## Data below
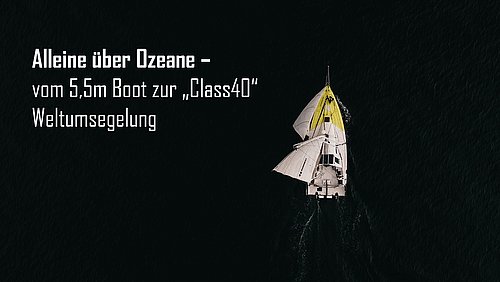 Allein über die Ozeane Ein Segelboot von oben, auf dunklem Wasser. Links der Schriftzug "Allein über die Ozeane - vom 5,5m Boot zur "Class40" Weltumsegelung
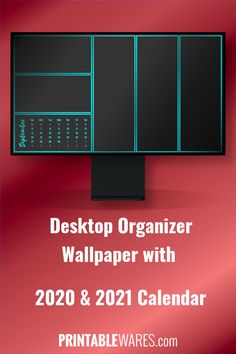 desktop organizer wallpaper with 2020 & 2021 calendar printable wallsavers available in multiple sizes and colors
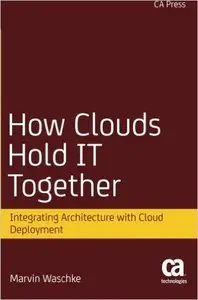 How Clouds Hold IT Together: Integrating Architecture with Cloud Deployment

## Exercise instructions
Transcribe the whole listing exactly. Pictures stay out of your copy.

## Task solution
 Allein über die Ozeane Ein Segelboot von oben, auf dunklem Wasser. Links der Schriftzug "Allein über die Ozeane - vom 5,5m Boot zur "Class40" Weltumsegelung
 desktop organizer wallpaper with 2020 & 2021 calendar printable wallsavers available in multiple sizes and colors
 How Clouds Hold IT Together: Integrating Architecture with Cloud Deployment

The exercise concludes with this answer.